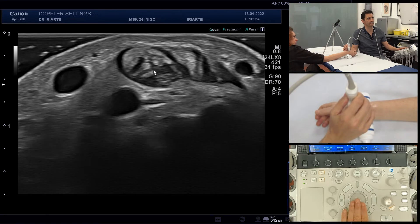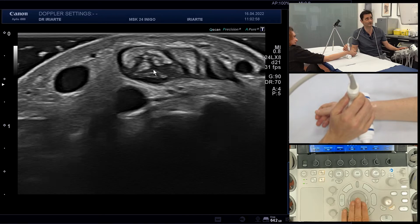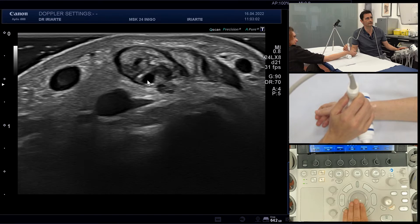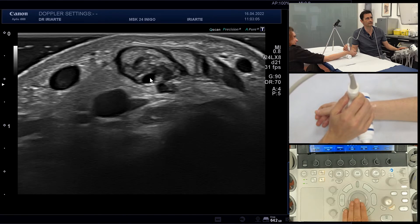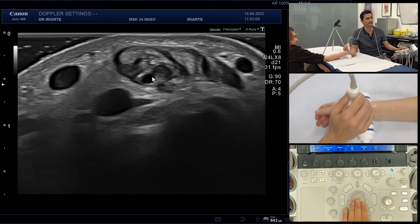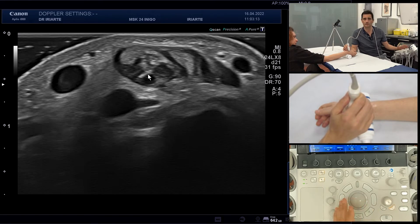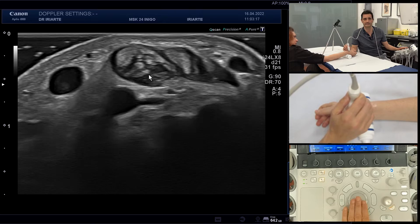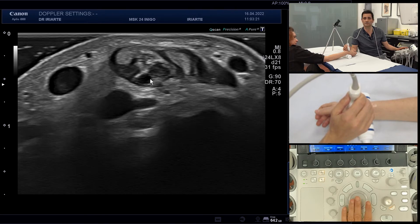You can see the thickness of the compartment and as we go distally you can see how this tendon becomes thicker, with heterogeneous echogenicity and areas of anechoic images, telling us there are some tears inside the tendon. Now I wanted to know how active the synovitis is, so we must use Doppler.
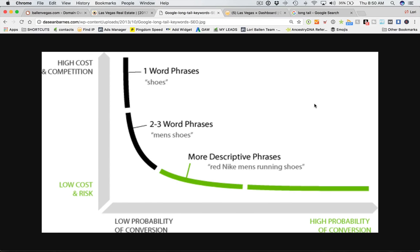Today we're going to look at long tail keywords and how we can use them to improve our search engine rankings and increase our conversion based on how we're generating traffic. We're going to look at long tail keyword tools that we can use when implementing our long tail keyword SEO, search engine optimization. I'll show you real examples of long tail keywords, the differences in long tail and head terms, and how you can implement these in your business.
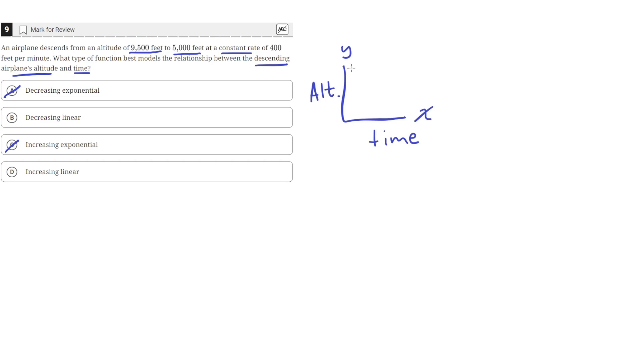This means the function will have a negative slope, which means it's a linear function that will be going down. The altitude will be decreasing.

* * *

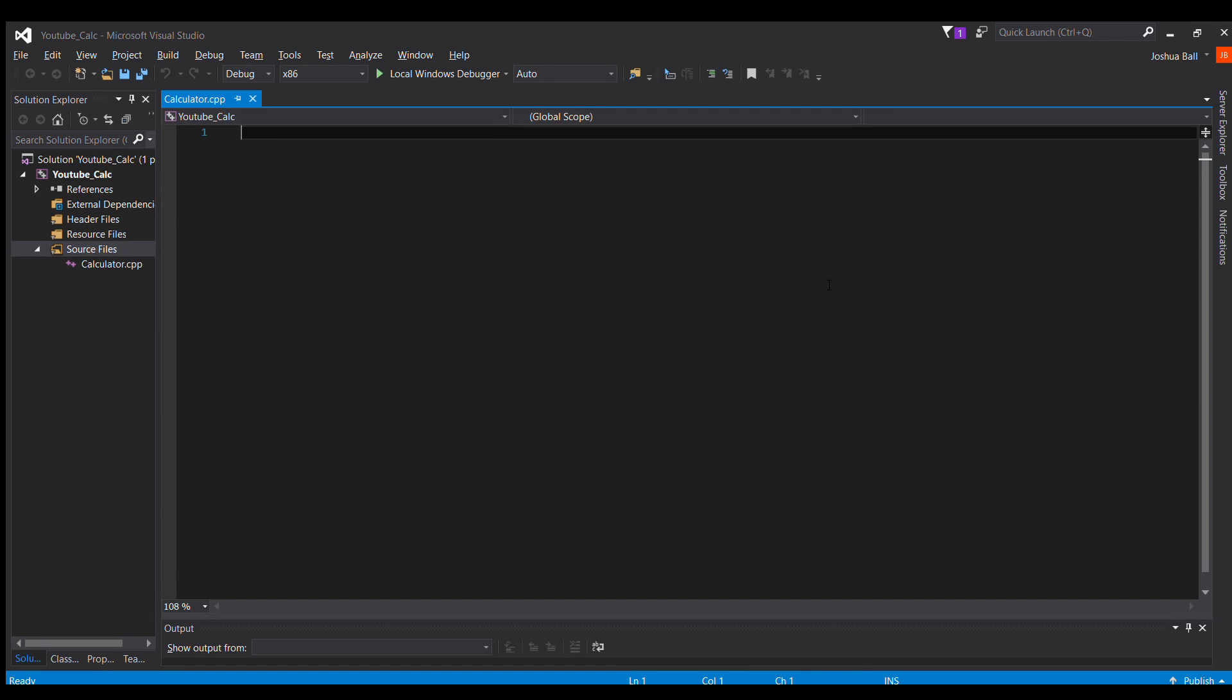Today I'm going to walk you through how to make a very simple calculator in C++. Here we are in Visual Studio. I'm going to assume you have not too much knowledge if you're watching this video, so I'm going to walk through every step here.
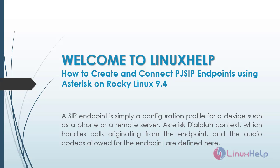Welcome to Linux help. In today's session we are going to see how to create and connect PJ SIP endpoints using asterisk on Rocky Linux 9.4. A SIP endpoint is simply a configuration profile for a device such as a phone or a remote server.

■ Work item: Copy exactly the material above from the line with "You can see the" to the line with "Today we're going", ends included, and nothing else. Leave out any picture.

■ Solution:
You can see the thickness of the compartment and as we go distally you can see how this tendon becomes thicker, with heterogeneous echogenicity and areas of anechoic images, telling us there are some tears inside the tendon. Now I wanted to know how active the synovitis is, so we must use Doppler.
Today we're going to look at long tail keywords and how we can use them to improve our search engine rankings and increase our conversion based on how we're generating traffic. We're going to look at long tail keyword tools that we can use when implementing our long tail keyword SEO, search engine optimization. I'll show you real examples of long tail keywords, the differences in long tail and head terms, and how you can implement these in your business.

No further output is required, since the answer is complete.